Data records
· · · · · · ·

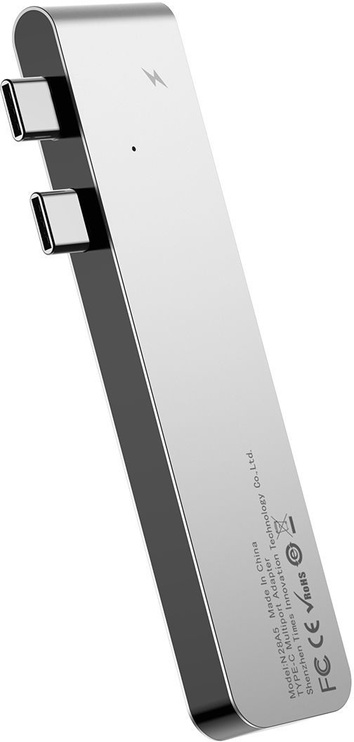 USB-разветвитель Baseus
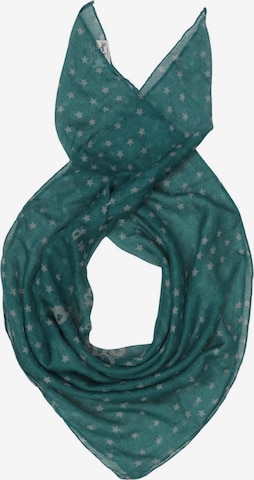 Pepe Jeans Scarf & Wrap in One size in Green: front
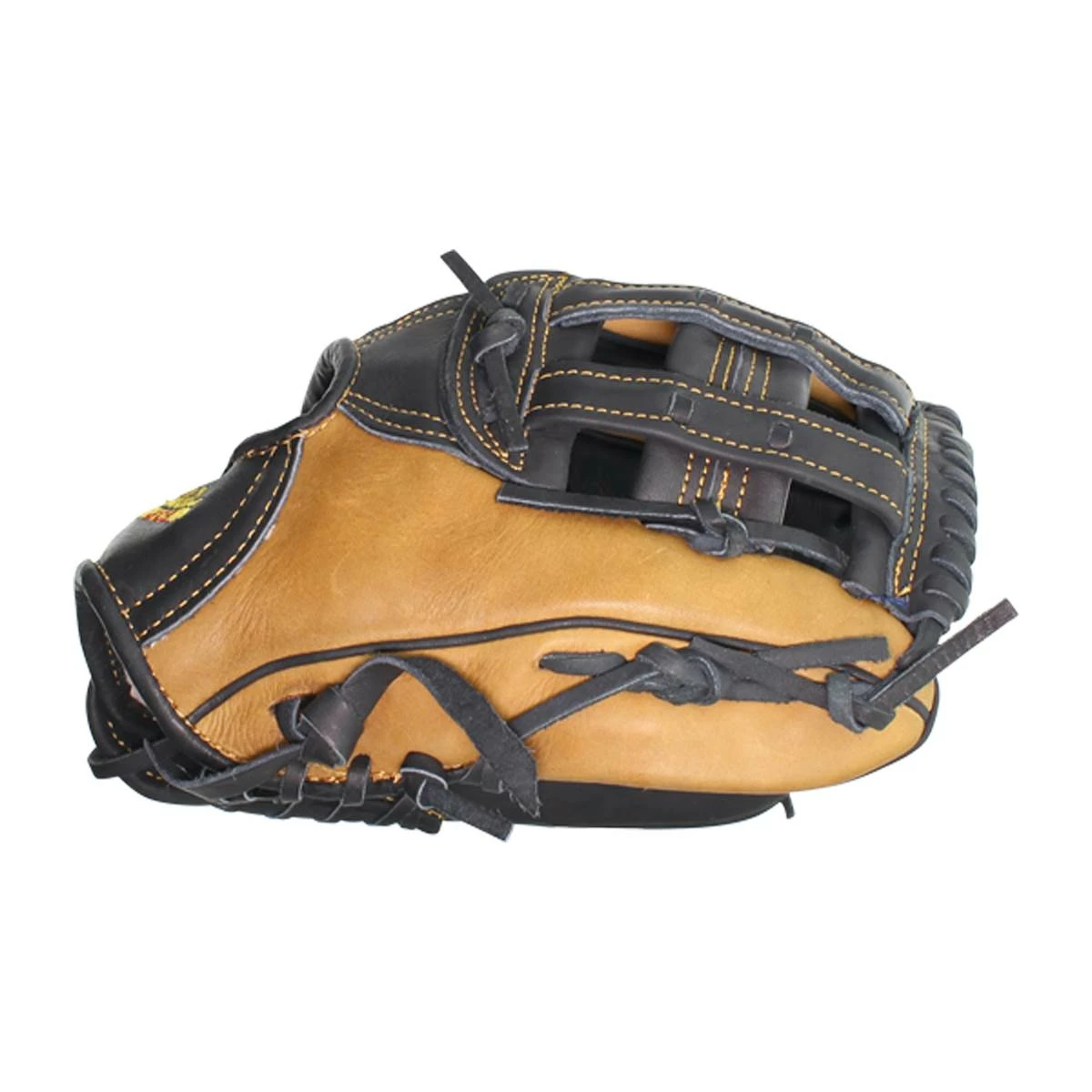 Best deal 💯 Shoeless Joe Pro Select 11.75" Baseball Glove: PS1175HW Black, Brown ⌛ 13 Best deal 💯 Shoeless Joe Pro Select 11.75" Baseball Glove: PS1175HW Black, Brown ⌛ - Image 11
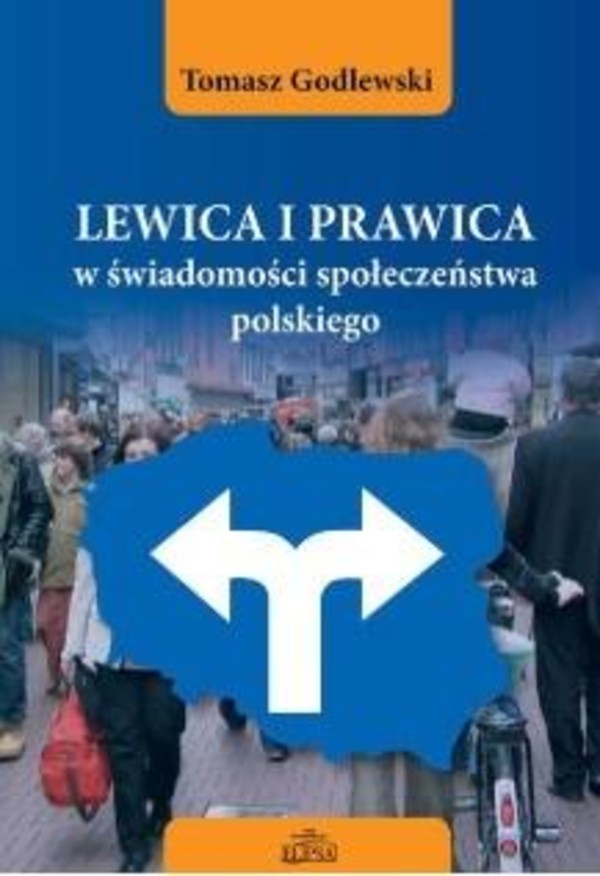 Lewica i prawica w świadomości społeczeństwa polskiego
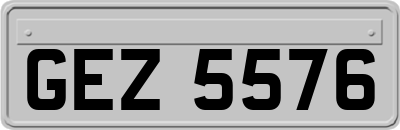 GEZ5576
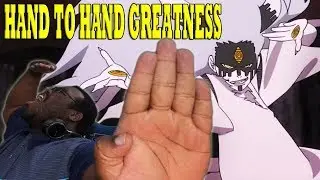 Boruto: Naruto Next Generations Episode 65 LIVE REACTION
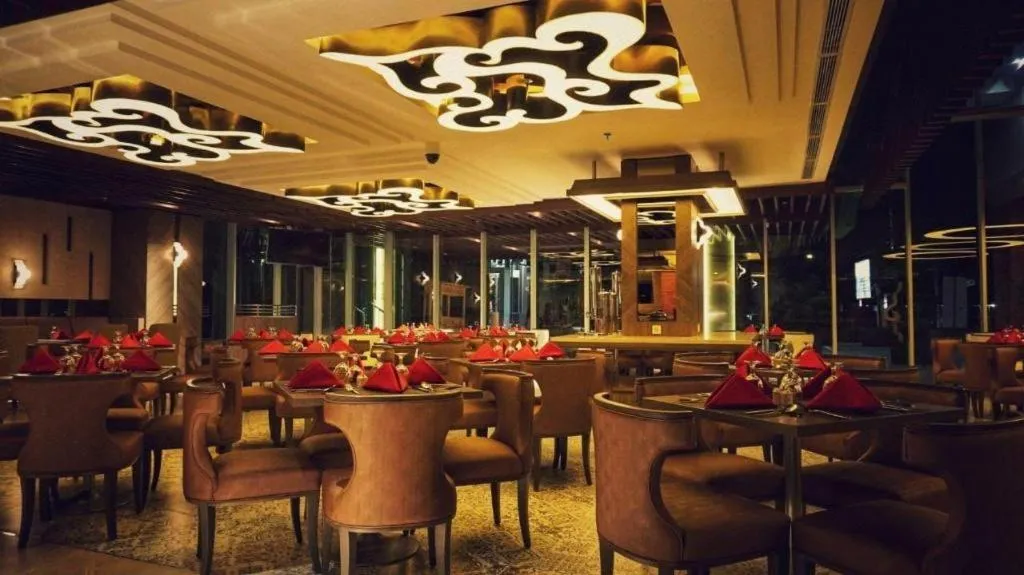 Patra Cirebon Hotel & Convention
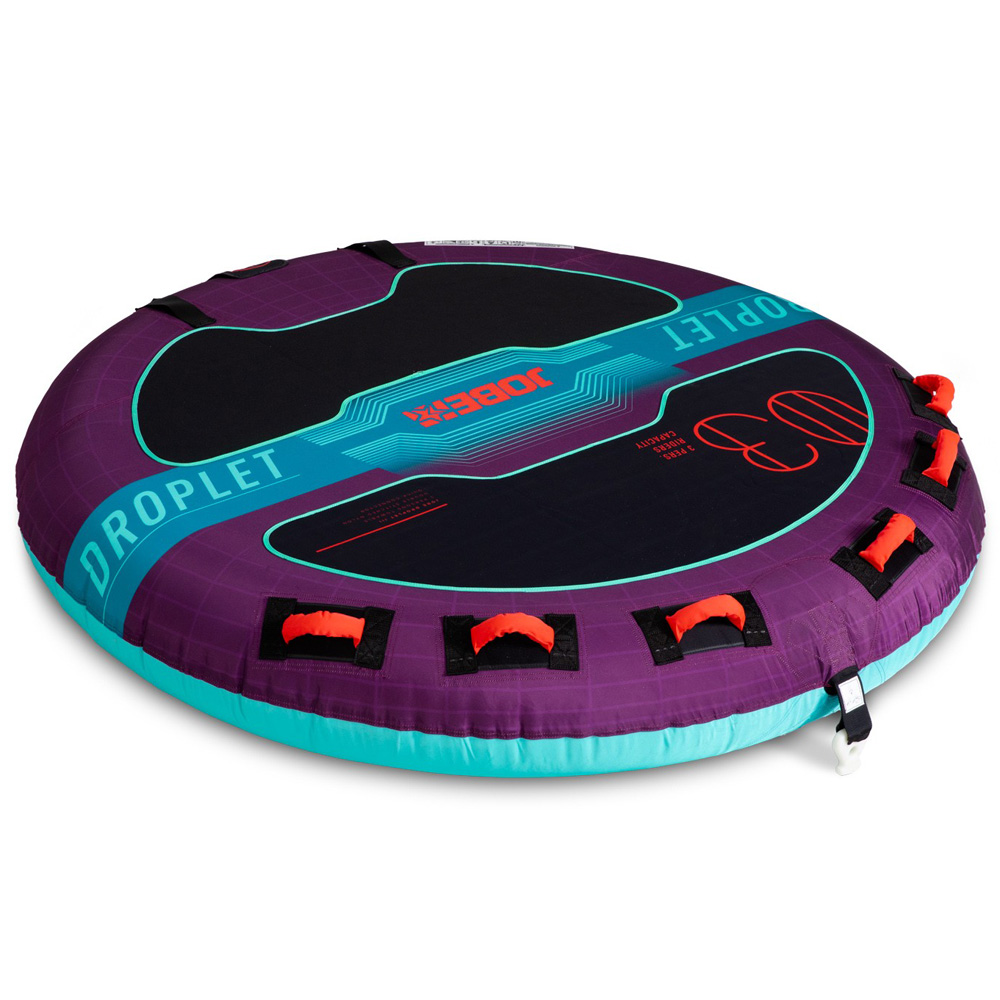 Droplet funtube 3 personnes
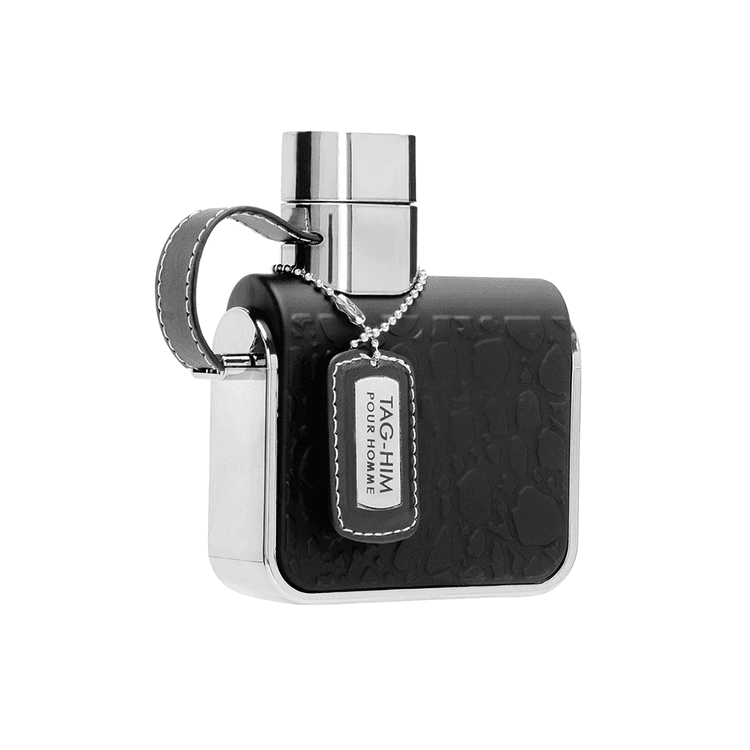 ARMAF Tag Him Eau De Toilette - 100 ml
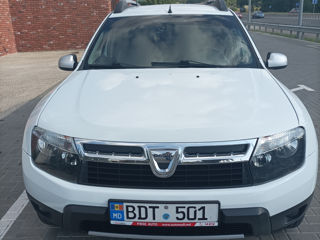 Dacia Duster foto 1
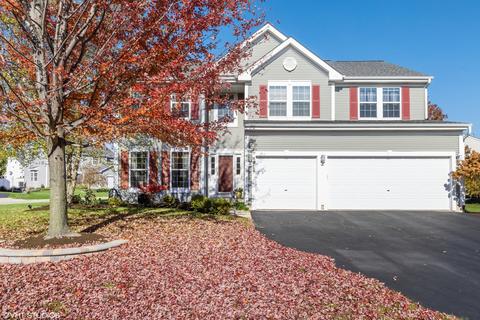 4812 Joyce Ln, Mchenry, IL 60050 photo 1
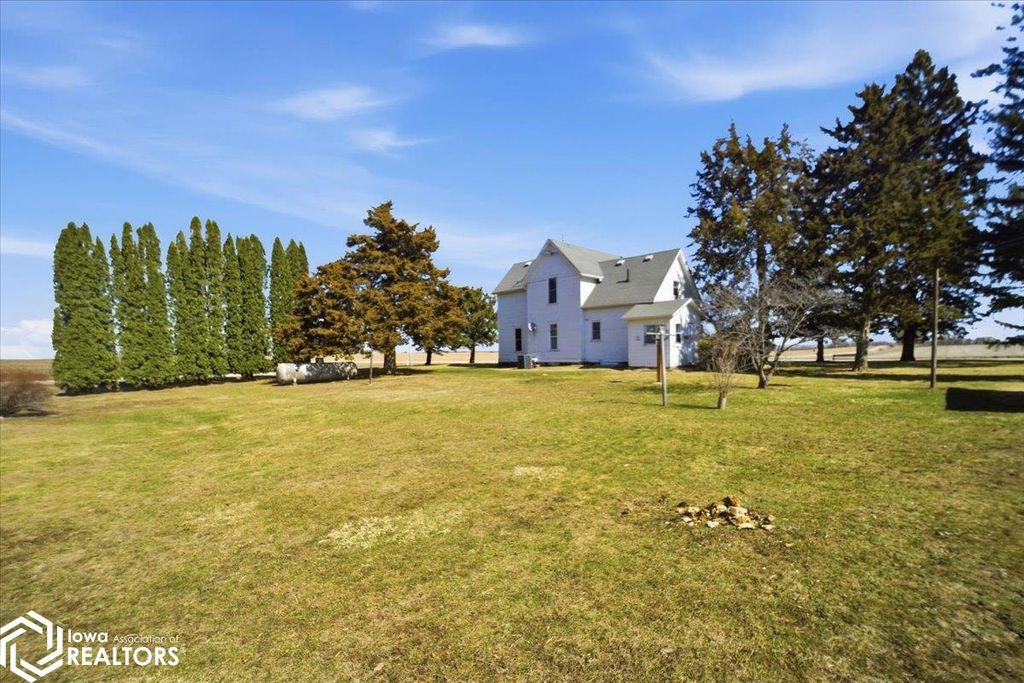 Photo of 25464 195Th Street, Iowa Falls, IA 50126 (MLS # 6336257)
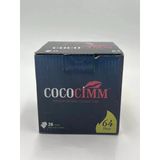 Cococimm Nargile Kömürü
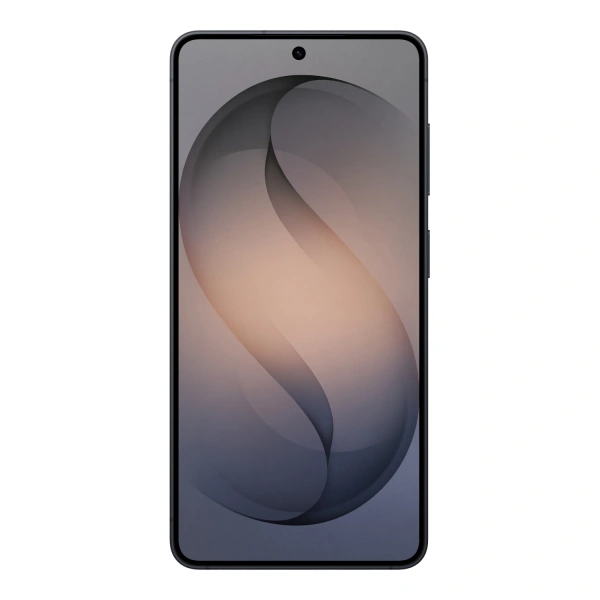 смартфон samsung galaxy s26 12/256 гб чёрный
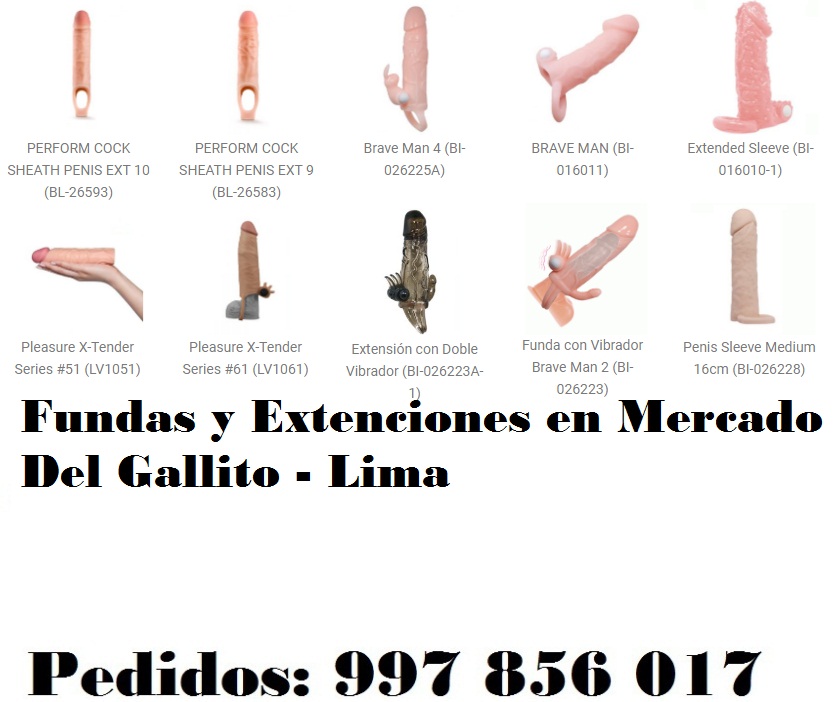 en Mercado Del Gallito - Lima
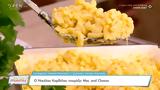 Συνταγή, Mac, Cheese, Νικόλα Καρβέλα,syntagi, Mac, Cheese, nikola karvela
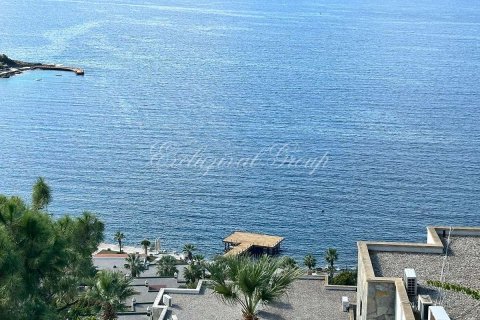 Аренда виллы в Бодруме, Мугле, Турция 5+2, 470м2, №212276 – фото 2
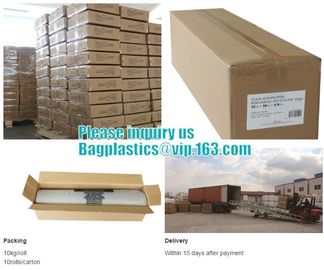 PE high quality asbestos bags, heavy duty construction asbestos bags waste bag, PP FIBC BAG (ASBESTOS BAG), Polyethylene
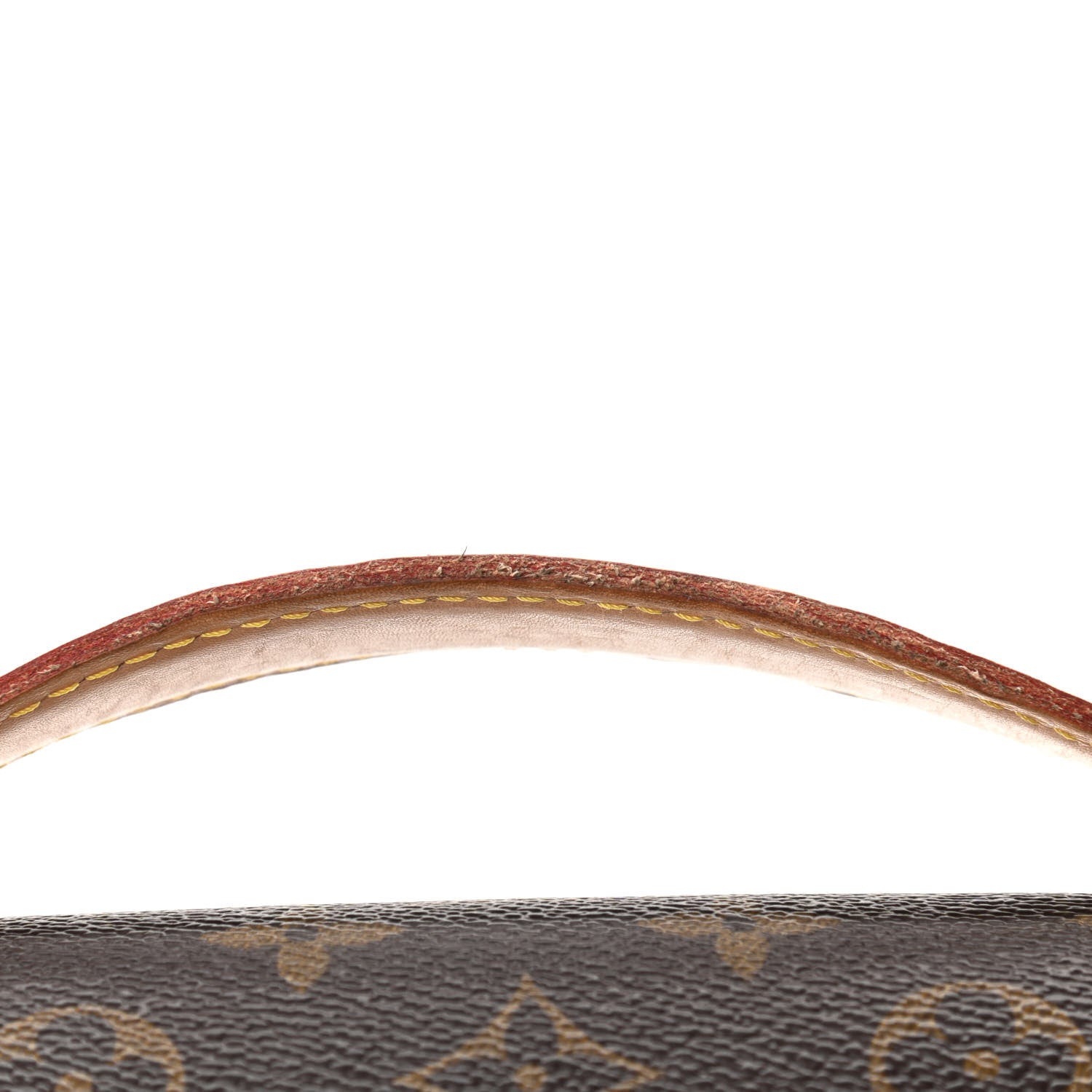 Louis Vuitton Monogram Pochette Metis 11 of 11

· · · · · · ·

**Exercise description**
Given the records above, return the lines starting at the one that holds "4812 Joyce Ln, Mchenry, IL 60050 photo 1" and ending at the one that holds "Συνταγή, Mac, Cheese, Νικόλα", exactly, and nothing besides; leave every picture out.

**Task result**
 4812 Joyce Ln, Mchenry, IL 60050 photo 1
 Photo of 25464 195Th Street, Iowa Falls, IA 50126 (MLS # 6336257)
 Cococimm Nargile Kömürü
 смартфон samsung galaxy s26 12/256 гб чёрный
 en Mercado Del Gallito - Lima
 Συνταγή, Mac, Cheese, Νικόλα Καρβέλα,syntagi, Mac, Cheese, nikola karvela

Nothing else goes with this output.